"He's had a long day. He's been dry for a long time," she added, noting "he couldn't stretch. It's like being on a long plane ride."
After being cooped up for so long, Big Guy moved pretty slowly when he first arrived at his new home Friday about 6 a.m. He sniffed the air above his head. His body wiggled now and then, but he didn't move when the cage's gate was opened.
Since he couldn't see the opening, having been blinded in some sort of battle or accident in the open seas before his rescue two years ago by the Marine Mammal Care Center in Los Angeles, Hanenburg got Big Guy's attention by repetitive pats on a home plate-size piece of plywood.
"Come on," she urged, reciting another word Big Guy had learned in his training at the California care center. "Follow."
And he did.
A couple of thrusts of his big body Big Guy ate more food than any other animal ever treated at the care center and he was out of the cage, flopping along the concrete floor before turning into his pool, Hanenburg's voice and the smell of herrings leading him in the right direction.
Probably the smell of water, too, judging by the sea lion's obvious joy as he whirled around the 15-foot-by-15-foot pool, doing the backstroke on a few of the laps. His every move was watched by smiling Hogle Zoo staffers, and photographed by a few.
"He's probably much more relaxed now. Getting forklifted and crated and having planes around you is a scary thing," said Hanenburg, as one of her coworkers ushered everyone out of the pool area near what will be, come June 1,Big Guy's home in Hogle Zoo's new $18 million Rocky Shores exhibit.
Big Guy needed to rest.
Hanenburg and her coworkers will spend the next few weeks building a relationship with Big Guy, a rapport built around their daily deliveries of breakfast, lunch and dinner herrings, herrings and more herrings.
"He has a high hunger drive," she said. "After a while he'll know that every time we show up good things happen."
Big Guy's presence overshadowed the arrival of two young sea lions, Maverick and Rocky, who also will join seals, eagles and bears as residents of Rocky Shores.
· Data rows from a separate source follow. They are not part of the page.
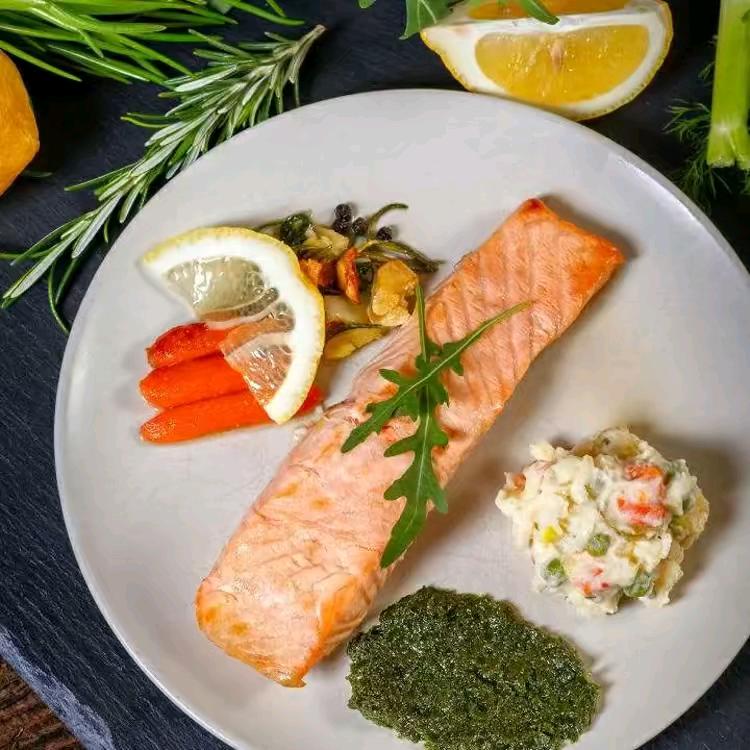 总有一天你会明白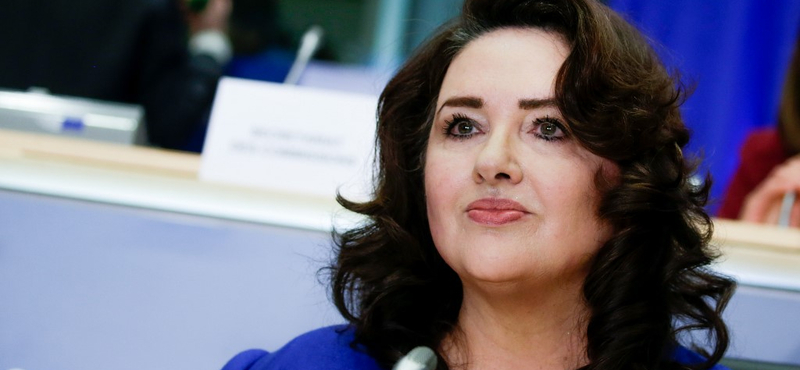 Helena Dalli: Első a felvilágosítás – az igazság a nemi alapú erőszakról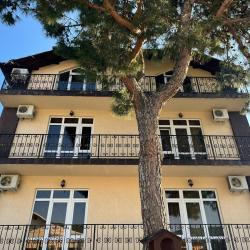 Фото Отель Vito (Вито)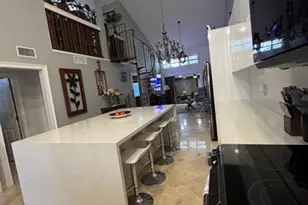 2840 S Oakland Forest Dr, Oakland Park, FL 33309 - Photo 3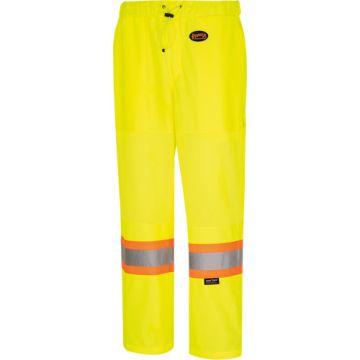 Women's  Traffic Safety Pants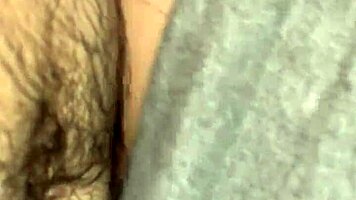 Family Attends Church Service Part Two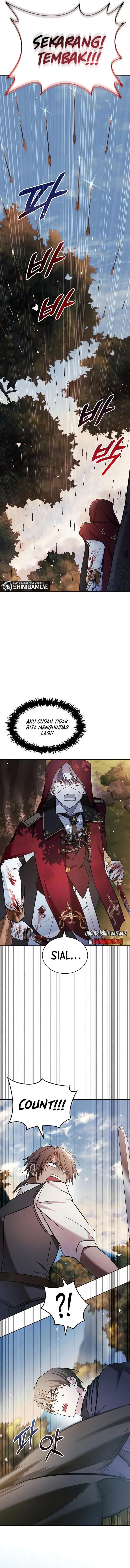 image-komik-im-not-that-kind-of-talent-chapter-53-18/22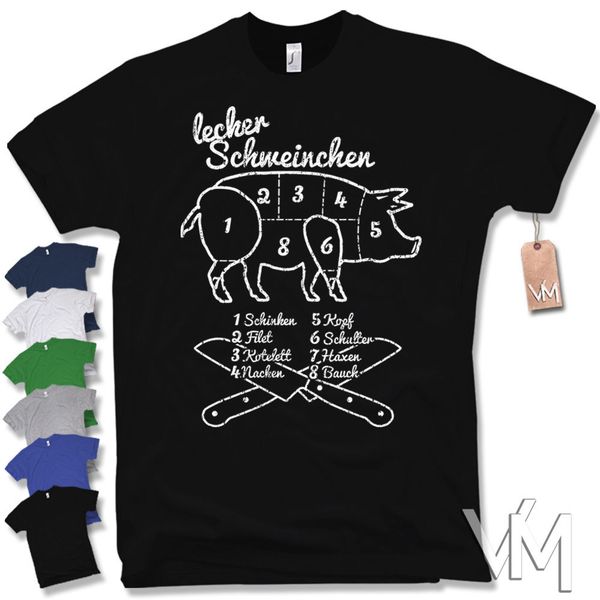 tasty piggy t-shirt - chef cook bbq bbq fun bacon 2019 latest o-neck sunlight men tee blank t shirts sport hooded sweatshirt hoodie
tasty piggy t-shirt - chef cook bbq bbq fun bacon 2019 latest o-neck sunlight men tee blank t shirts sport hooded sweatshirt hoodie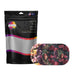 Girls Halloween Variety Patch Tape Designed for the DEXCOM G7 and Stelo-Pump Peelz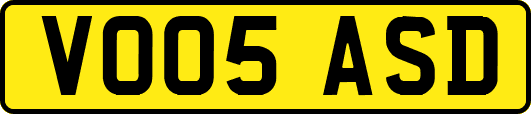 VO05ASD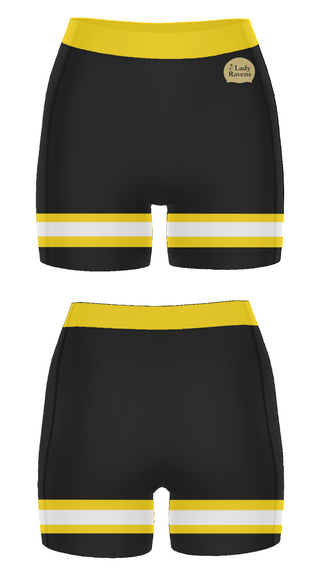 Tank Top, Maur Hill - Mount Academy Swimming, Swimming, Teamtime, Team time, sublimation, custom sports apparel, team uniforms, spirit wear, spiritwear, sports uniforms, custom shirts, team store, custom team store, fundraiser sports, apparel fundraiser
The bears include Rizzo, a 14-year-old female polar bear who watched Friday's proceedings from an open-air cage, where she has been acclimating since being delivered to Hogle Zoo earlier this week.
Like Big Guy, the exuberant little sea lions frolicked in their pens, sliding on their bellies and flopping into their pools, splashing, yawning and generally making a ruckus.
Friday's welcoming ceremony was an important milestone for the zoo, which now includes several keepers imported from California and Florida because "they have the passion, educational background and expertise of working with marine animals," said Hogle Zoo spokeswoman Erica Hansen.
"These are the last of our new animals. The seals and others are already in their exhibits," she added, counting down the days to the debut of Rocky Shores. "We're inching closer to June 1."
The $18 million exhibit that Utah's Hogle Zoo will unveil June 1 will be home to Big Guy, a blind, 850-pound sea lion that arrived Friday from California. Lacking adequate facilities, Hogle Zoo has not had a sea lion for 17 years or a seal for 18 years.